**BRIEF**
Each line below has to be output exactly, from first to last.

**EXTRACTED RECORDS**
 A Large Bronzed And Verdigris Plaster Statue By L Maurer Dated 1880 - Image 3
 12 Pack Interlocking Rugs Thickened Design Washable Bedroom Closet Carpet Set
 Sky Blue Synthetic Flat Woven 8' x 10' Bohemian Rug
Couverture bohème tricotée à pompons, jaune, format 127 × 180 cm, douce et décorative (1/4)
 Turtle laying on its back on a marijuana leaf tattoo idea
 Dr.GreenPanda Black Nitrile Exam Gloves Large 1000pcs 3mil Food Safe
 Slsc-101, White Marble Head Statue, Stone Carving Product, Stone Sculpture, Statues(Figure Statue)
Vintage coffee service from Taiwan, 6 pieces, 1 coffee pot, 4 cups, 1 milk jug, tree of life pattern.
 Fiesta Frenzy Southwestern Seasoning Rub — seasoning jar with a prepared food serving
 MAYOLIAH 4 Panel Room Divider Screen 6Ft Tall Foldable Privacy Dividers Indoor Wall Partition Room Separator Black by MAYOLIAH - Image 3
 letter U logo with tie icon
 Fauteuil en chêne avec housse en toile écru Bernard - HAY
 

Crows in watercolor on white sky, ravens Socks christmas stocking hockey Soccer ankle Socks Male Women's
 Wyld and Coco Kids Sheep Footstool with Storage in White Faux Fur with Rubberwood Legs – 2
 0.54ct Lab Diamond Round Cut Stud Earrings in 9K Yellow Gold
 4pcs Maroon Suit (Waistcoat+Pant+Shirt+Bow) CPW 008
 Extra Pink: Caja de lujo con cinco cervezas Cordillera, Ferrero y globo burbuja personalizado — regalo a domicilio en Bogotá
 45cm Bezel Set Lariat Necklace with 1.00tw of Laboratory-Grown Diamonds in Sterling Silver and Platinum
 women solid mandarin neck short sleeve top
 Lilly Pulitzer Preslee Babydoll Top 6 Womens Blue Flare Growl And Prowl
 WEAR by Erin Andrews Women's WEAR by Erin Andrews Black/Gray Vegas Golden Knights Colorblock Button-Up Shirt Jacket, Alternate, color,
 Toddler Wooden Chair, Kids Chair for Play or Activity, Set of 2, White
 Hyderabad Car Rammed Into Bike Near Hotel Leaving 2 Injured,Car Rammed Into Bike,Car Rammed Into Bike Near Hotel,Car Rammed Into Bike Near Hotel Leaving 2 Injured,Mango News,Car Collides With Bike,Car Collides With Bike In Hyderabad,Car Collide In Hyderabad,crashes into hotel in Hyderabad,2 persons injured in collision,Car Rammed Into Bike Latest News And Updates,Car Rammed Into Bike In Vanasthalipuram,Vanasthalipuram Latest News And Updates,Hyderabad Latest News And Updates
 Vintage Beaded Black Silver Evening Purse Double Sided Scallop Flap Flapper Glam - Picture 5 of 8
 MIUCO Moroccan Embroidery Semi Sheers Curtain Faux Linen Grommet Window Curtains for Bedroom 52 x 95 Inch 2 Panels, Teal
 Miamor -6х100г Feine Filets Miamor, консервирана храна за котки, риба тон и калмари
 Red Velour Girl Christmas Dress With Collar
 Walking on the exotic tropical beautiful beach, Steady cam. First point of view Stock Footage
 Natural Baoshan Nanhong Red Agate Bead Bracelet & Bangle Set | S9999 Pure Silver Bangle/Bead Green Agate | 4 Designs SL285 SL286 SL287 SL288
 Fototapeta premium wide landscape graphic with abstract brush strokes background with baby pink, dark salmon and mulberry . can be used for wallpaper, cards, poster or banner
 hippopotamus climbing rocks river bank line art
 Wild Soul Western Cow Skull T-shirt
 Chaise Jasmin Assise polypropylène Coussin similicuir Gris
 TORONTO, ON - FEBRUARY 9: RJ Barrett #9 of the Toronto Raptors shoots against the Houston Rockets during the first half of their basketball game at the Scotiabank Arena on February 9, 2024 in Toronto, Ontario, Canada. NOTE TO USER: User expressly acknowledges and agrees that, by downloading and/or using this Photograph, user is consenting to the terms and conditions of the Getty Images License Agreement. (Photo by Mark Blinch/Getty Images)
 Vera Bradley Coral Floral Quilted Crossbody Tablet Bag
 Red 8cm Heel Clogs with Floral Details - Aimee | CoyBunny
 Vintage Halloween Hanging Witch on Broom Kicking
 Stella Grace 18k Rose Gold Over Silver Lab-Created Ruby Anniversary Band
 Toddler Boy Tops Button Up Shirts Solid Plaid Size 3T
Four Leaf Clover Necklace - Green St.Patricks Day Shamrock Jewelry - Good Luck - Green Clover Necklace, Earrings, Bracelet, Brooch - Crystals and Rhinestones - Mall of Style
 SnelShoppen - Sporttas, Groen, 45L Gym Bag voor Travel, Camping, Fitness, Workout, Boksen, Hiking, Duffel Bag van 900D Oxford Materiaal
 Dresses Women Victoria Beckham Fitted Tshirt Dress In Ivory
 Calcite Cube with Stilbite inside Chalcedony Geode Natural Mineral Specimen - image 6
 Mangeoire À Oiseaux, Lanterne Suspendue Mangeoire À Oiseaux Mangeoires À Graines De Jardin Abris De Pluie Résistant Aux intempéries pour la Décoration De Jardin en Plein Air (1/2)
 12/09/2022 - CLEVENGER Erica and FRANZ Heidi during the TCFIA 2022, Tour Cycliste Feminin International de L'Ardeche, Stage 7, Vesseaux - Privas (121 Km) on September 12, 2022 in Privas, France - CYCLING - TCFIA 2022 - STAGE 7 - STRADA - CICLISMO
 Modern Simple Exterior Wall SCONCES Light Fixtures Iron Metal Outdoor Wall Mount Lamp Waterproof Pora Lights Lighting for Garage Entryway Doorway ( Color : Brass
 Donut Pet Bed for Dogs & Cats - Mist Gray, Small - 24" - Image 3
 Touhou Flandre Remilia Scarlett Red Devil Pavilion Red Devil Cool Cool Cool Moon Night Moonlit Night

**EXERCISE RESPONSE**
 A Large Bronzed And Verdigris Plaster Statue By L Maurer Dated 1880 - Image 3
 12 Pack Interlocking Rugs Thickened Design Washable Bedroom Closet Carpet Set
 Sky Blue Synthetic Flat Woven 8' x 10' Bohemian Rug
Couverture bohème tricotée à pompons, jaune, format 127 × 180 cm, douce et décorative (1/4)
 Turtle laying on its back on a marijuana leaf tattoo idea
 Dr.GreenPanda Black Nitrile Exam Gloves Large 1000pcs 3mil Food Safe
 Slsc-101, White Marble Head Statue, Stone Carving Product, Stone Sculpture, Statues(Figure Statue)
Vintage coffee service from Taiwan, 6 pieces, 1 coffee pot, 4 cups, 1 milk jug, tree of life pattern.
 Fiesta Frenzy Southwestern Seasoning Rub — seasoning jar with a prepared food serving
 MAYOLIAH 4 Panel Room Divider Screen 6Ft Tall Foldable Privacy Dividers Indoor Wall Partition Room Separator Black by MAYOLIAH - Image 3
 letter U logo with tie icon
 Fauteuil en chêne avec housse en toile écru Bernard - HAY
 

Crows in watercolor on white sky, ravens Socks christmas stocking hockey Soccer ankle Socks Male Women's
 Wyld and Coco Kids Sheep Footstool with Storage in White Faux Fur with Rubberwood Legs – 2
 0.54ct Lab Diamond Round Cut Stud Earrings in 9K Yellow Gold
 4pcs Maroon Suit (Waistcoat+Pant+Shirt+Bow) CPW 008
 Extra Pink: Caja de lujo con cinco cervezas Cordillera, Ferrero y globo burbuja personalizado — regalo a domicilio en Bogotá
 45cm Bezel Set Lariat Necklace with 1.00tw of Laboratory-Grown Diamonds in Sterling Silver and Platinum
 women solid mandarin neck short sleeve top
 Lilly Pulitzer Preslee Babydoll Top 6 Womens Blue Flare Growl And Prowl
 WEAR by Erin Andrews Women's WEAR by Erin Andrews Black/Gray Vegas Golden Knights Colorblock Button-Up Shirt Jacket, Alternate, color,
 Toddler Wooden Chair, Kids Chair for Play or Activity, Set of 2, White
 Hyderabad Car Rammed Into Bike Near Hotel Leaving 2 Injured,Car Rammed Into Bike,Car Rammed Into Bike Near Hotel,Car Rammed Into Bike Near Hotel Leaving 2 Injured,Mango News,Car Collides With Bike,Car Collides With Bike In Hyderabad,Car Collide In Hyderabad,crashes into hotel in Hyderabad,2 persons injured in collision,Car Rammed Into Bike Latest News And Updates,Car Rammed Into Bike In Vanasthalipuram,Vanasthalipuram Latest News And Updates,Hyderabad Latest News And Updates
 Vintage Beaded Black Silver Evening Purse Double Sided Scallop Flap Flapper Glam - Picture 5 of 8
 MIUCO Moroccan Embroidery Semi Sheers Curtain Faux Linen Grommet Window Curtains for Bedroom 52 x 95 Inch 2 Panels, Teal
 Miamor -6х100г Feine Filets Miamor, консервирана храна за котки, риба тон и калмари
 Red Velour Girl Christmas Dress With Collar
 Walking on the exotic tropical beautiful beach, Steady cam. First point of view Stock Footage
 Natural Baoshan Nanhong Red Agate Bead Bracelet & Bangle Set | S9999 Pure Silver Bangle/Bead Green Agate | 4 Designs SL285 SL286 SL287 SL288
 Fototapeta premium wide landscape graphic with abstract brush strokes background with baby pink, dark salmon and mulberry . can be used for wallpaper, cards, poster or banner
 hippopotamus climbing rocks river bank line art
 Wild Soul Western Cow Skull T-shirt
 Chaise Jasmin Assise polypropylène Coussin similicuir Gris
 TORONTO, ON - FEBRUARY 9: RJ Barrett #9 of the Toronto Raptors shoots against the Houston Rockets during the first half of their basketball game at the Scotiabank Arena on February 9, 2024 in Toronto, Ontario, Canada. NOTE TO USER: User expressly acknowledges and agrees that, by downloading and/or using this Photograph, user is consenting to the terms and conditions of the Getty Images License Agreement. (Photo by Mark Blinch/Getty Images)
 Vera Bradley Coral Floral Quilted Crossbody Tablet Bag
 Red 8cm Heel Clogs with Floral Details - Aimee | CoyBunny
 Vintage Halloween Hanging Witch on Broom Kicking
 Stella Grace 18k Rose Gold Over Silver Lab-Created Ruby Anniversary Band
 Toddler Boy Tops Button Up Shirts Solid Plaid Size 3T
Four Leaf Clover Necklace - Green St.Patricks Day Shamrock Jewelry - Good Luck - Green Clover Necklace, Earrings, Bracelet, Brooch - Crystals and Rhinestones - Mall of Style
 SnelShoppen - Sporttas, Groen, 45L Gym Bag voor Travel, Camping, Fitness, Workout, Boksen, Hiking, Duffel Bag van 900D Oxford Materiaal
 Dresses Women Victoria Beckham Fitted Tshirt Dress In Ivory
 Calcite Cube with Stilbite inside Chalcedony Geode Natural Mineral Specimen - image 6
 Mangeoire À Oiseaux, Lanterne Suspendue Mangeoire À Oiseaux Mangeoires À Graines De Jardin Abris De Pluie Résistant Aux intempéries pour la Décoration De Jardin en Plein Air (1/2)
 12/09/2022 - CLEVENGER Erica and FRANZ Heidi during the TCFIA 2022, Tour Cycliste Feminin International de L'Ardeche, Stage 7, Vesseaux - Privas (121 Km) on September 12, 2022 in Privas, France - CYCLING - TCFIA 2022 - STAGE 7 - STRADA - CICLISMO
 Modern Simple Exterior Wall SCONCES Light Fixtures Iron Metal Outdoor Wall Mount Lamp Waterproof Pora Lights Lighting for Garage Entryway Doorway ( Color : Brass
 Donut Pet Bed for Dogs & Cats - Mist Gray, Small - 24" - Image 3
 Touhou Flandre Remilia Scarlett Red Devil Pavilion Red Devil Cool Cool Cool Moon Night Moonlit Night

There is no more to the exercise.